**DATA SHOWN**
◆ ◆ ◆ ◆ ◆

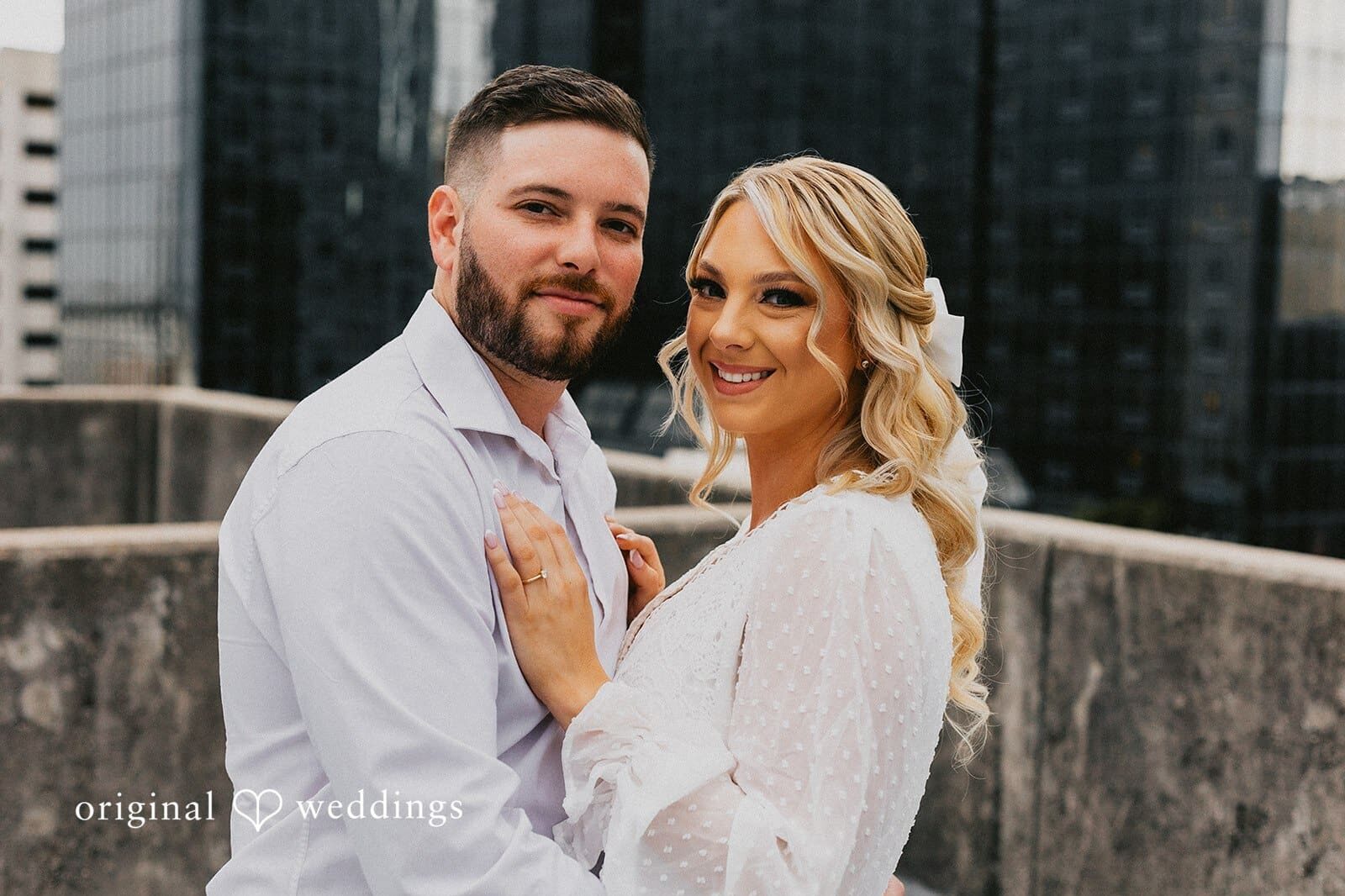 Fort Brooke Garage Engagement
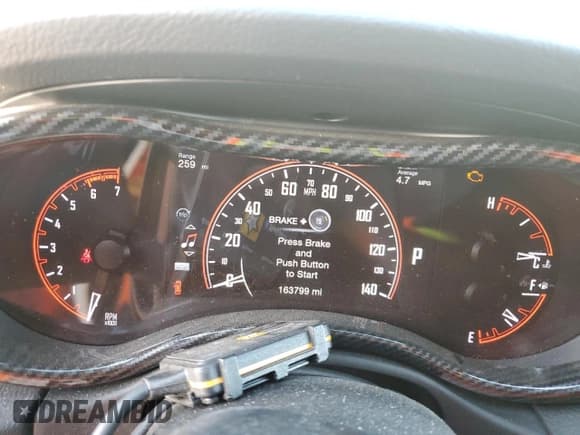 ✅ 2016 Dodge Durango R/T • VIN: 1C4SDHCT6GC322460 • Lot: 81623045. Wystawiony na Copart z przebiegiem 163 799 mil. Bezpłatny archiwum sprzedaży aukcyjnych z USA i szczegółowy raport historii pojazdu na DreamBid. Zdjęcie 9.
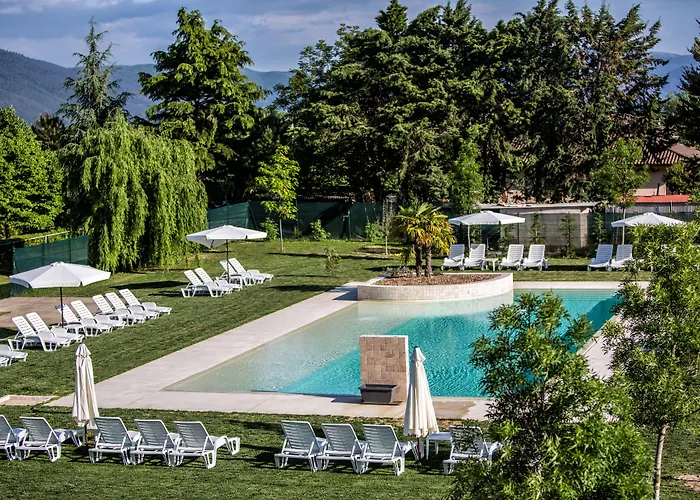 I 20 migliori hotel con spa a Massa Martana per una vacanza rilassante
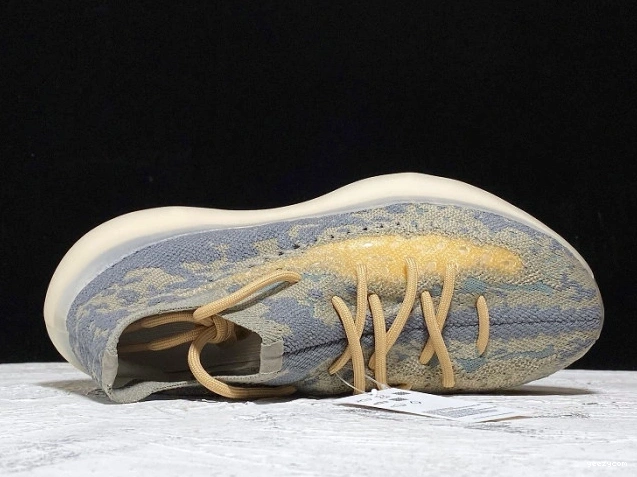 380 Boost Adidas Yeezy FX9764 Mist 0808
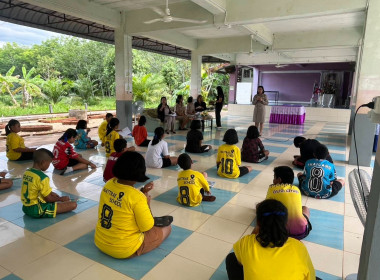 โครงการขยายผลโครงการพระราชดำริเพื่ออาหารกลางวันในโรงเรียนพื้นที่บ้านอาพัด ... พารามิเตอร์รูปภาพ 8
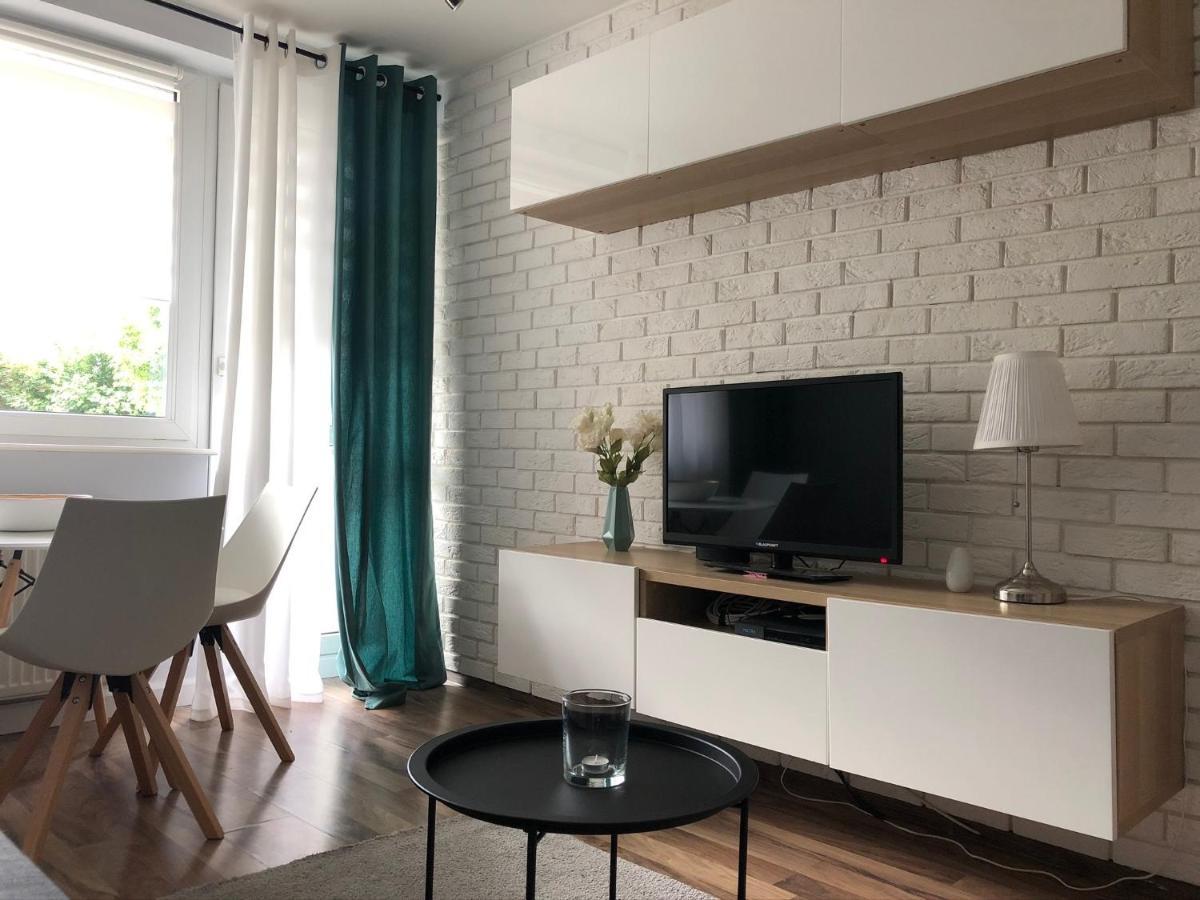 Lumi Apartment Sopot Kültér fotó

◆ ◆ ◆ ◆ ◆

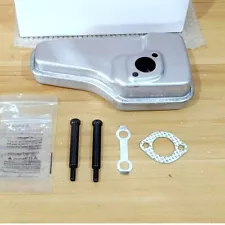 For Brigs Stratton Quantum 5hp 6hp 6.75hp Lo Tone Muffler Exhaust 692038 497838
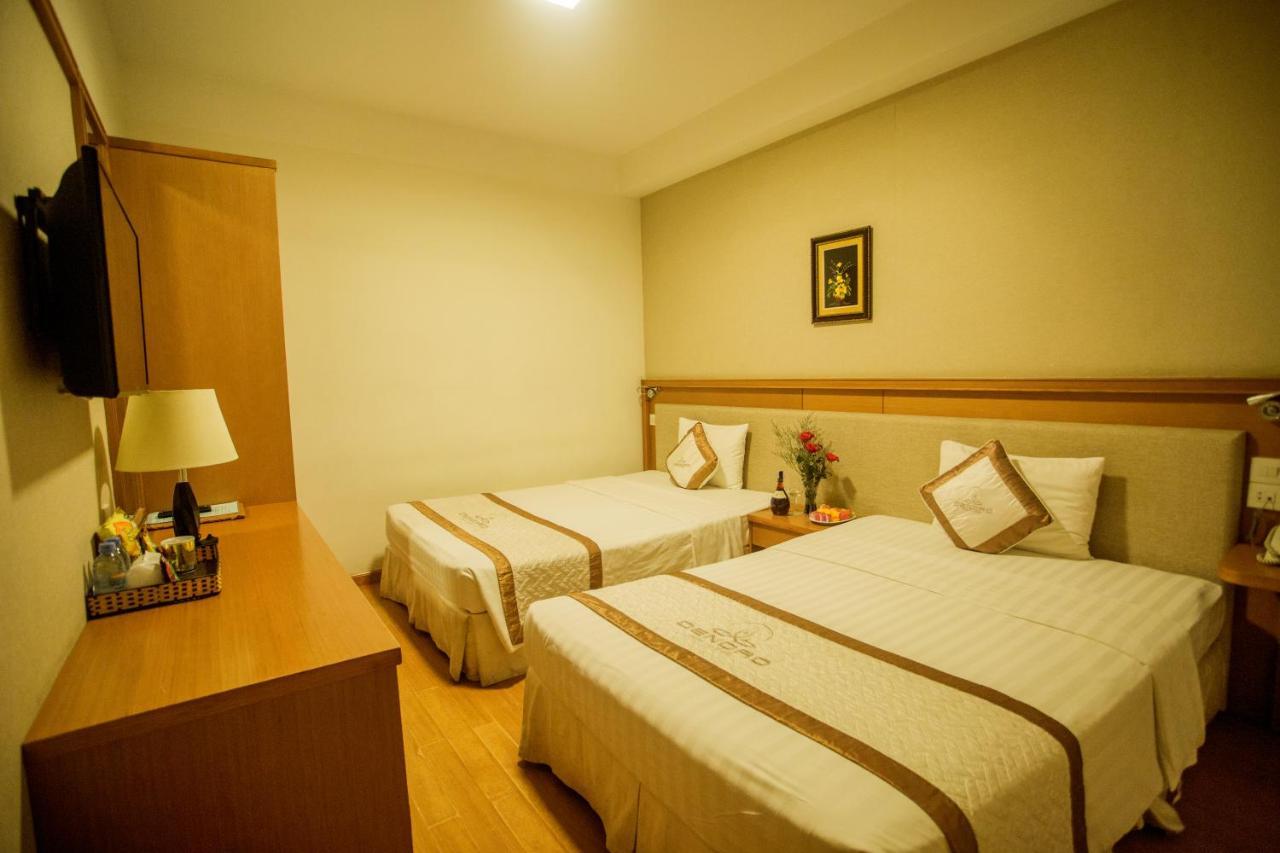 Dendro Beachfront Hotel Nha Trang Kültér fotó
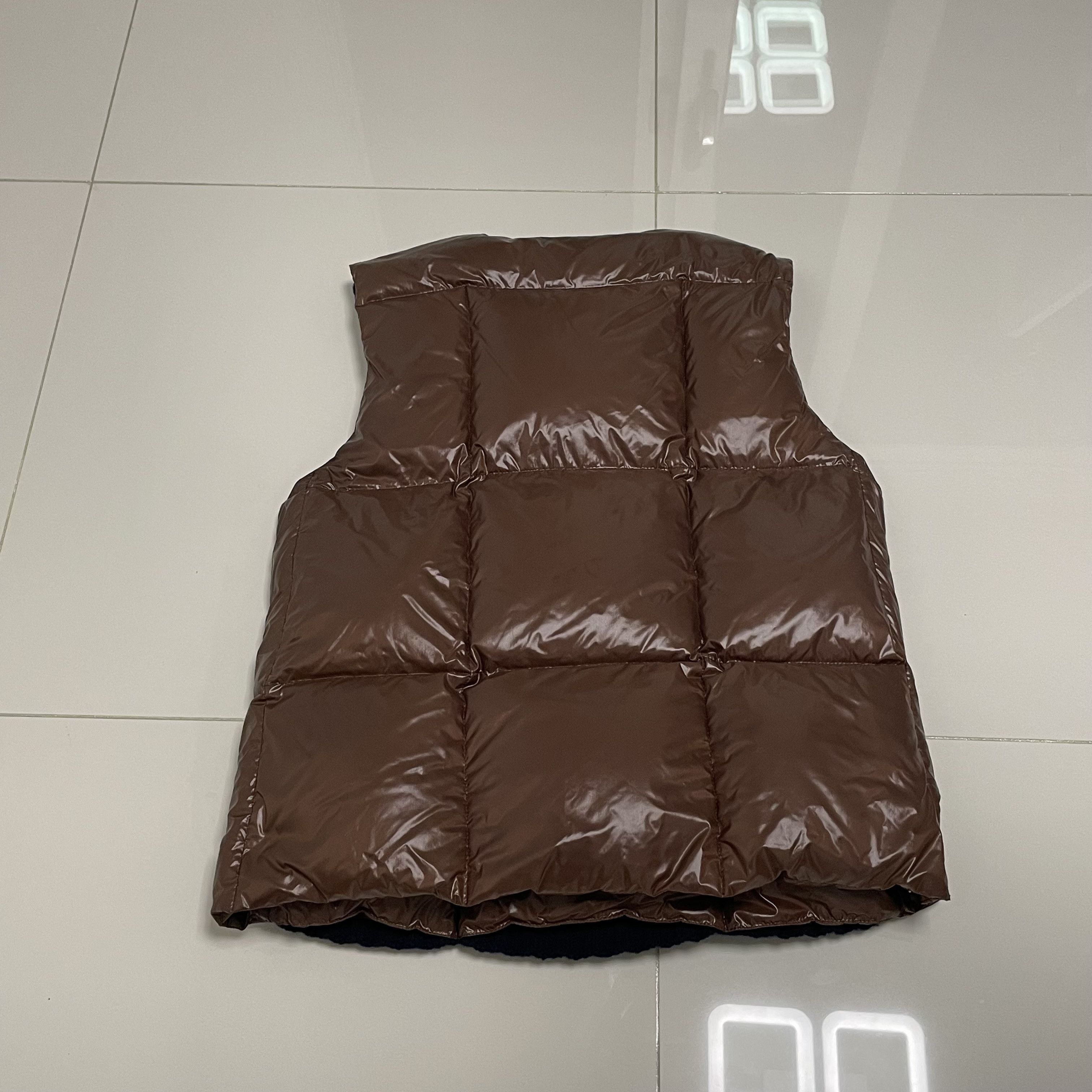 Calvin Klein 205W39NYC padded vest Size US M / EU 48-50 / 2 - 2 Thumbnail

◆ ◆ ◆ ◆ ◆

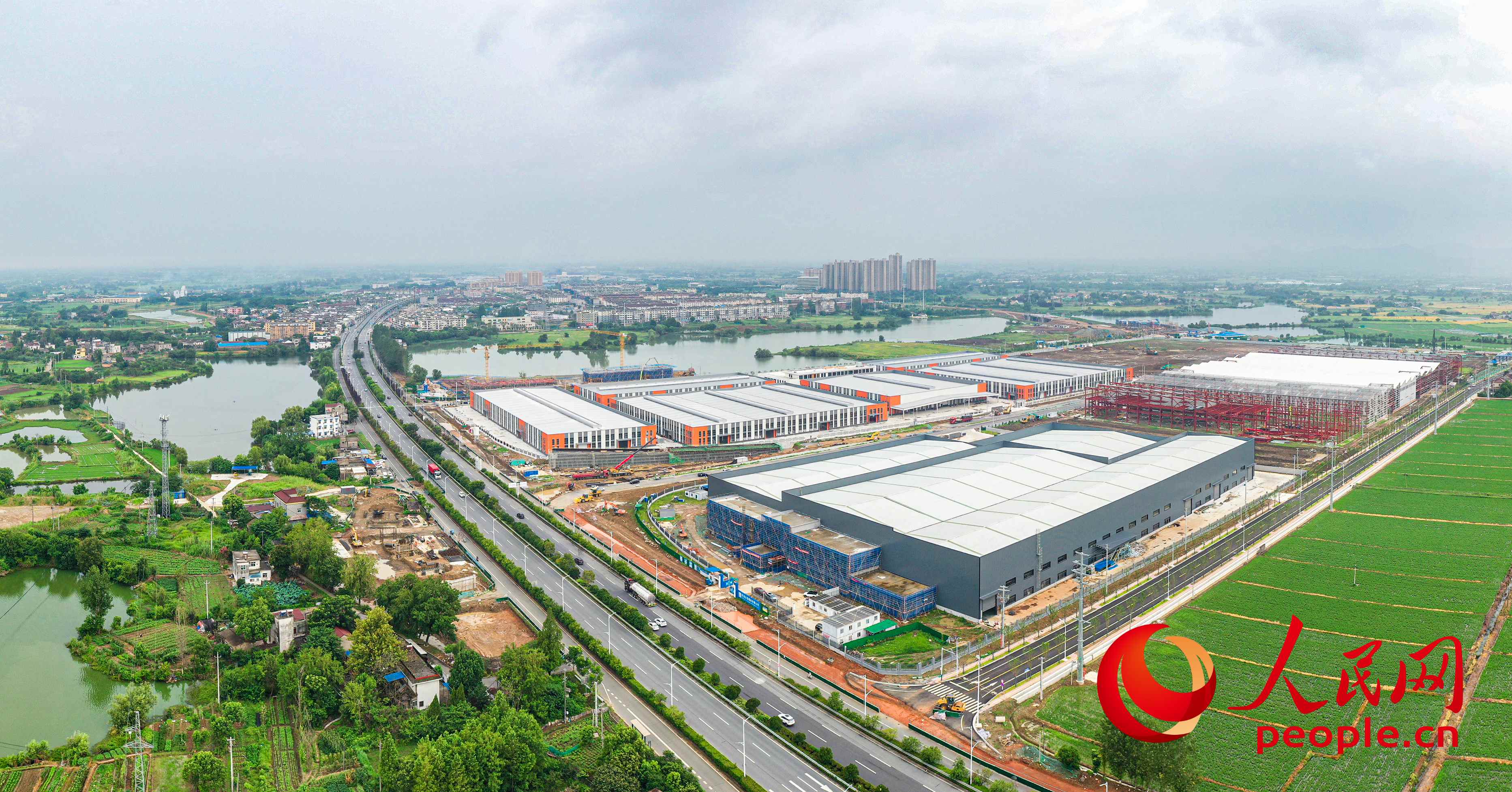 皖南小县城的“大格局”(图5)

◆ ◆ ◆ ◆ ◆

**EXERCISE DESCRIPTION**
Everything from the line with "Fort Brooke Garage Engagement" down to the line with "Lumi Apartment Sopot Kültér fotó" in the data above should be copied exactly, with both end lines kept and the pictures left out.

**ANSWER TO THE EXERCISE**
 Fort Brooke Garage Engagement
 ✅ 2016 Dodge Durango R/T • VIN: 1C4SDHCT6GC322460 • Lot: 81623045. Wystawiony na Copart z przebiegiem 163 799 mil. Bezpłatny archiwum sprzedaży aukcyjnych z USA i szczegółowy raport historii pojazdu na DreamBid. Zdjęcie 9.
 I 20 migliori hotel con spa a Massa Martana per una vacanza rilassante
 380 Boost Adidas Yeezy FX9764 Mist 0808
 โครงการขยายผลโครงการพระราชดำริเพื่ออาหารกลางวันในโรงเรียนพื้นที่บ้านอาพัด ... พารามิเตอร์รูปภาพ 8
 Lumi Apartment Sopot Kültér fotó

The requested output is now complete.